C. Orang Pertama Yang Menghimpun Ilmu Ushul Fiqh.
III. PEMBAHASAN
Ilmu ushul fiqh adalah kaidah-kaidah usaha untuk memperoleh hukum-hukum syara’ tentang perbuatan dari dalil-dalil, antara lain dilakukan dengan jalan ijtihad.
Sumber hukum pada masa Rasulallah hanyalah Al-qur’an dan As-sunnah.

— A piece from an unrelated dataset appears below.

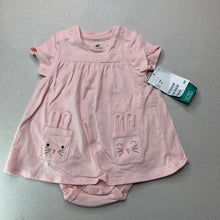 Load image into Gallery viewer, Girls H&amp;M, organic cotton blend romper dress, NEW, size 000,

Hanya saja jika hasil ijtihad Beliau salah, Allah menurunkan wahyu yang tidak membenarkan hasil ijtihad Beliau dan menunjukan yang benar. Sebagai contoh hasil ijtihad beliau tentang tindakan yang di ambil terhadap tawanan perang Badar. Pendapat Abu Bakar agar tawanan dibebaskan dengan cara membayar tebusan. Sedangkan pendapat Umar bin Khatab, tawanan harus dibinuh karna telah mendustakan dan mengusir Rasulallah dari Makkah. Kemudian beliau memilih pendapatnya Abu Bakar . turunlah ayat yang tidak membenarkan pilihan beliau dan menunjukan yang benar, yakni :
مَا كَانَ لِنَبِيٍّ أَنْ يَكُونَ لَهُ أَسْرَى حَتَّى يُثْخِنَ فِي الْأَرْضِ تُرِيدُونَ عَرَضَ الدُّنْيَا وَاللَّهُ يُرِيدُ الْآَخِرَةَ وَاللَّهُ عَزِيزٌ حَكِيمٌ (67)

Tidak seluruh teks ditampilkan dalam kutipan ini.